WHAT YOU HAVE TO DO: Images are not wanted; transcribe the rest of the listing exactly.

DATASET CONTENT:
►
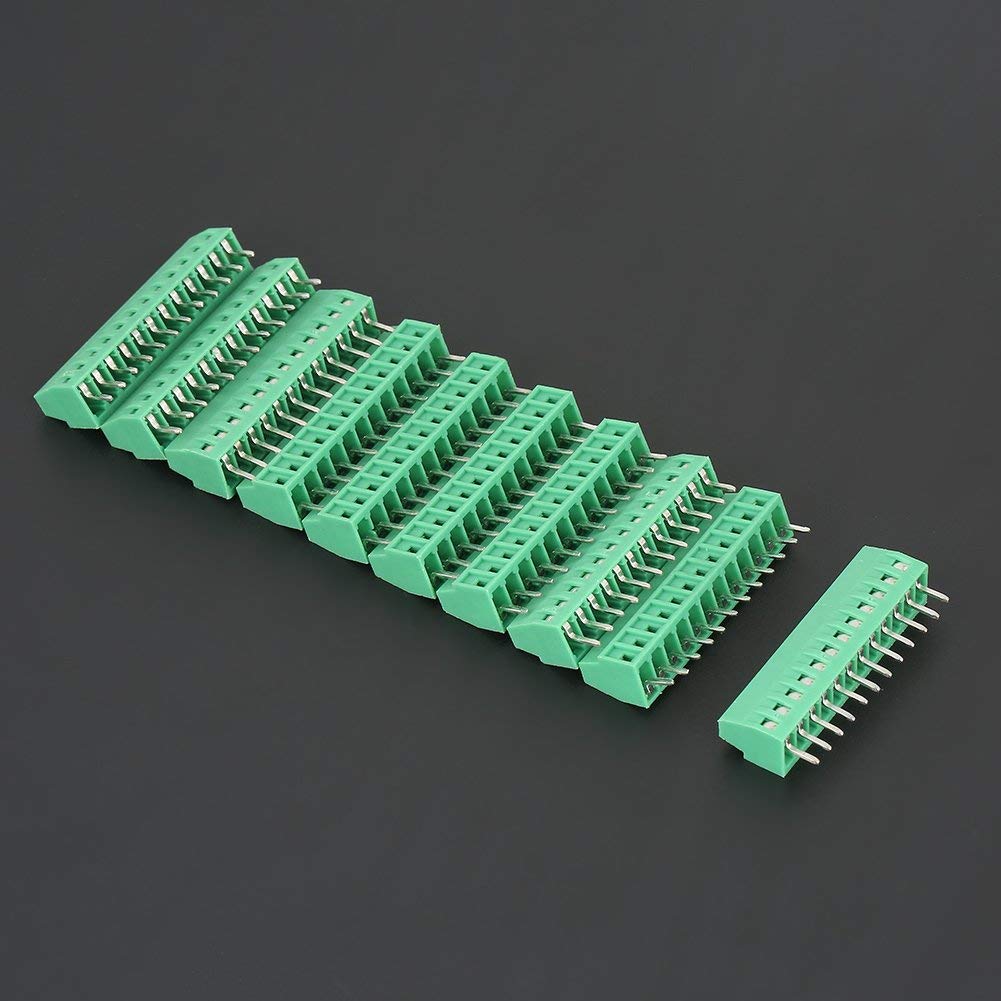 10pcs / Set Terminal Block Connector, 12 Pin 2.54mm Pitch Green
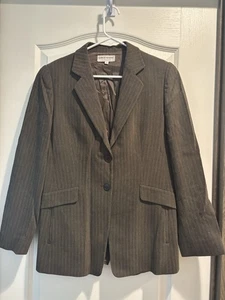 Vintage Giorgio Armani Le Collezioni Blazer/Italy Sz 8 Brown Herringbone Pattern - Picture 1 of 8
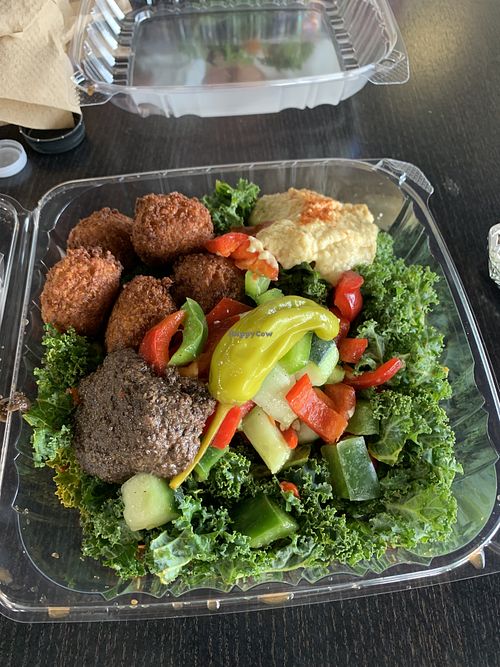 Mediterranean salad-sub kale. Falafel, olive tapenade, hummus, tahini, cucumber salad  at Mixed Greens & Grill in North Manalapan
◄
RESPONSE FOR THIS EXERCISE:
 10pcs / Set Terminal Block Connector, 12 Pin 2.54mm Pitch Green
 Vintage Giorgio Armani Le Collezioni Blazer/Italy Sz 8 Brown Herringbone Pattern - Picture 1 of 8
 Mediterranean salad-sub kale. Falafel, olive tapenade, hummus, tahini, cucumber salad  at Mixed Greens & Grill in North Manalapan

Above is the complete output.